Hoelzer’s mom immediately told her father. That night, the police were called. The family was directed to the National Child Advocacy Center, which lined up counseling for everyone and showed them how to pursue legal action.
The alleged molester was arrested. There was no real physical evidence because Hoelzer wasn’t raped. Also, the passage of time and a child’s still-developing memory raised doubts about whether a conviction could be reached in the harsh scrutiny of a courtroom. The case was taken to a grand jury, but no formal charges were ever brought.
That made it even harder to take.
“I was very angry for a long time that nothing happened and he got off scot-free,” Hoelzer conceded. “In school, if you did something wrong you would get in trouble for it. You would go to detention or have your parents ground you. It was almost this mentality of, ’How can you do something like that and have nothing happen?’ No community service. No fine. Nothing.
“Now that I’m older,” she added, “I realize that’s not how it is. A lack of evidence is just a lack of evidence.”
She never had any more contact with that family.
She never had any desire to confront her molester.
“I haven’t seen him in almost 20 years,” Hoelzer said. “I don’t even know if I’d recognize him at this point.”
Not the only Olympian abused
Chris Witty, a Winter Olympic gold medalist in speedskating, can sure relate. She, too, was a victim of childhood abuse, violated by a trusted neighbor from the age of 4 to 11. She, too, hid her secret for years.
Finally, after extensive therapy and a triumphant performance at the 2002 Salt Lake City Games, Witty turned to the media to get her story out.

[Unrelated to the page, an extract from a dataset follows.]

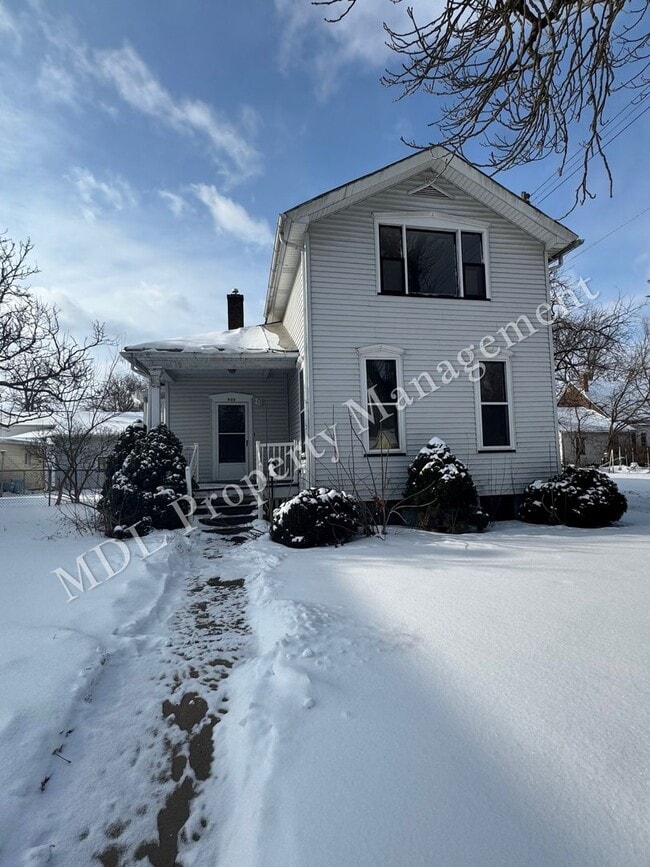 property at 909 Mackinaw St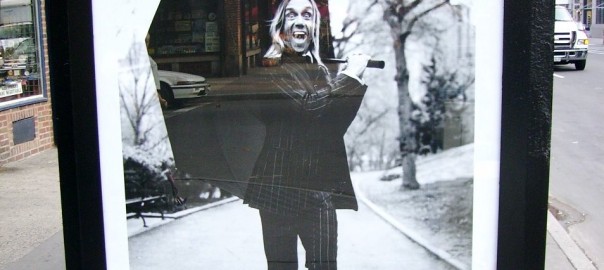 Varvatos enfrenta protestos em estréia no CBGB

“When I first told the reporter, I had all this anxiety,” Witty recalled in a telephone interview with the AP. “You don’t know what people are going to say, how they’re going to react. What about my friends? Are they going to believe me?”
Once she went public, Witty was overwhelmed by the reaction. She was bombarded with letters and e-mails, all of them praising her for taking such a bold step. Total strangers came up to reveal their own cases of abuse. Most poignantly, a friend, emboldened by Witty’s courage, came forward to reveal being molested.
“As soon as I heard that, I knew it was mission accomplished,” said Witty, who now lives in the Netherlands. “I don’t think I would have had closure about my abuse issue unless I could tell people about it. Whether they wanted to hear about it or not, I had a need to tell people what happened to me.”
Hoelzer is not ready to say she’s reached closure, but she’s eager to use her plight to help others. She majored in psychology at Auburn, with a minor in criminology. She wanted to learn about the child abuse issue from both sides: victims and perpetrators.
“In my own way, I was self-counseling in college,” she said. “Every single paper I wrote in school was about kids who’ve been molested and sex offenders.”
That process goes on. Without telling anyone her motivation, she already has gotten involved with the National Child Advocacy Center, the first of its kind and now one of some 900 branches around the country.